Strongswan on 2.2.3 ignoring rightid and setting it to %any
After upgrading from 2.2.2 to 2.2.3 I have 2 of 4 IPSec tunnels (site-to-site)
down. I know about the aesni bug (mine is off), but this seems to be something
These 2 that are down have one thing in common: the right id is not the peer
address. One is a fqdn, the other is some other IP address (because of nat). I
see the rightid is correctly set in /var/etc/ipsec/ipsec.conf but ipsec status
That %any … should not be there. My 2.2.2 installs with tunnels for the same
remote peer show the fqdn instead of %any.
Connection then fails pretty much as if my PSK where wrong:
invalid NOTIFY_V1 payload length, decryption failed?
could not decrypt payloads
message parsing failed
I guess it isn't locating the right PSK because of the %any in there. Tried to
set %any in ipsec.secrets just to see if it would change anything. It didn't,
but I'm not sure it could work that way anyway.
And more … it seems this does not happens always. I still have to check, but
it seems sometimes an ipsec restart solves this. These VPNs were up for a while
after the upgrade and some ipsec restarting. This is a production firewall and
I can't restart ipsec at will right now. Will do that later today.

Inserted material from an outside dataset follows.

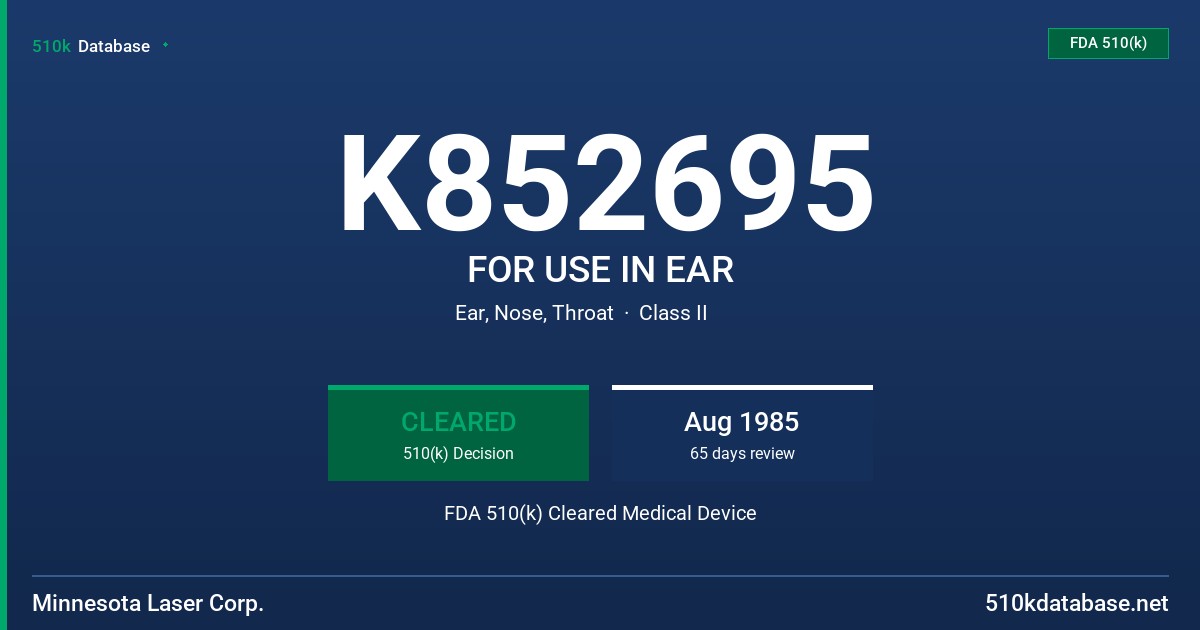 K852695 FOR USE IN EAR FDA 510(k) Cleared Medical Device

Is anybody there seing this too?
Here is the generated config for one of the troubled VPNs, if anybody asks
(with mangled IPs and names):
uniqueids = yes
charondebug="dmn 1,ike 2,chd 2,enc 2"
fragmentation = yes
keyexchange = ikev1
reauth = no
forceencaps = no
mobike = no
rekey = yes
installpolicy = yes
type = transport
dpdaction = restart
dpddelay = 10s
dpdtimeout = 60s
auto = route
left = 22.214.171.124
right = 126.96.36.199
leftid = 188.8.131.52
ikelifetime = 86400s
lifetime = 86400s
ike = aes256-sha1-modp1536!
esp = aes256-sha1-modp1536!
leftauth = psk
rightauth = psk
rightid = fqdn:peer.router.com
aggressive = no
rightsubnet = 184.108.40.206
leftsubnet = 220.127.116.11
And from ipsec.secrets:
18.104.22.168 @peer.router.com : PSK LongWhateverEncodedString==
The change that impacts that is likely in ipsec.secrets. Pre-2.2.3, you would have had:
%any @peer.router.com : PSK LongWhateverEncodedString==
rather than the leading 22.214.171.124. If you edit ipsec.secrets to make it match that, then run 'ipsec stop && ipsec start', does it work as before?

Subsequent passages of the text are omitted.